Local entrepreneurs have restarted negotiations to build an 8,000-seat arena resembling the Patriot Center near the Shady Grove Metro station, a project first envisioned before the economic crisis.
In his first term, Montgomery County Executive Isiah Leggett proposed building a small arena that could host concerts as well as community events such as high school sports championships and graduations. The county selected a partnership formed by attorney William Askinazi and Tom Doyle to negotiate creation of an arena in late 2007.
Since then, the partners had to endure the collapse of the national and local economy, but Askinazi said they have since lined up many of the backers required to build the stadium and are negotiating for the needed land.
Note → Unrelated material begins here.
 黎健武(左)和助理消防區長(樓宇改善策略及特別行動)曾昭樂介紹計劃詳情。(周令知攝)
The ideal site, Askinazi said, is an eight-acre parcel where Metro currently operates surface parking lots at the Shady Grove station. Askinazi, a former business development official in former Maryland Gov. Robert L. Ehrlich’s administration and a state senate candidate, said his company D&A Sports and Entertainment Group was prepared to finance and build an $85 million stadium and a 1,000-space replacement parking garage for Metro on the site.
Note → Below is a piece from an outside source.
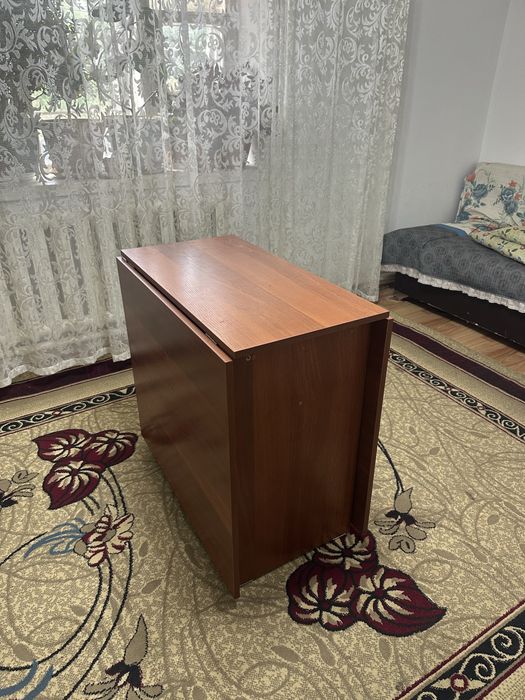 Стол для гостиный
Askinazi, of Potomac, said his experience using sports and entertainment venues for economic development purposes at the state level led him to the idea. “I knew a lot about stadiums and arenas in Baltimore, but I was was always perplexed by why we don’t have an arena in Montgomery County,” he said.
Askinazi said he and Doyle had lined up construction giant Skanska to build the project and arena manager SMG to operate it. He said he had spoken to retailers including Charlie Chiang’s Restaurants and Ben & Jerry’s ice cream about opening there, as well as to operators of the Towers Club Tysons Corner about how to create a similar venue as part of the project. “We’re going to do a similar Montgomery County business high-end meeting place,” he said.
A 2007 study on the idea commissioned by the Maryland Stadium Authority found that an arena of 6,500-8,000 seats “would enjoy a well-defined niche comprised of its mid-sized scale, location, adaptability and newness of facility.”
Leggett is backing the idea because the county lacks a place to hold large community events such as high school championships and graduations, said Steve Silverman, county director of economic development. “Graduations are often held at DAR Constitution Hall because it’s the only place that holds 4,000, and they used to be held at some churches in Prince George’s,” he said.
Securing the land remains a major obstacle. Leggett has committed to not putting money into the deal, but has begun discussions about acquiring the land from Metro needed for the stadium and could commit land to the project instead. Silverman said preliminary discussions began recently and should mature over the summer. “The first step is to try to figure out if WMATA is interested, and the second thing is to try to figure out if we can make something work in respect to the county,” he said.
Metro will consider the county’s proposal, according to Metro spokeswoman Caroline Lukas. “We would evaluate it from all the perspectives that we usually take,” she said in an e-mail. A formal proposal would require public vetting and approval by the transit agency’s board of directors.
Askinazi said the Metro site is the most preferable. “Arenas will fail without government involvement. We’ve done our homework and those arenas that succeed require real government partnerships,” he said. But he said he and Doyle had also lined up privately owned sites near Shady Grove that could be purchased and then operated in partnership with the county. “If we don’t get it with WMATA we are going to go forward,” he said.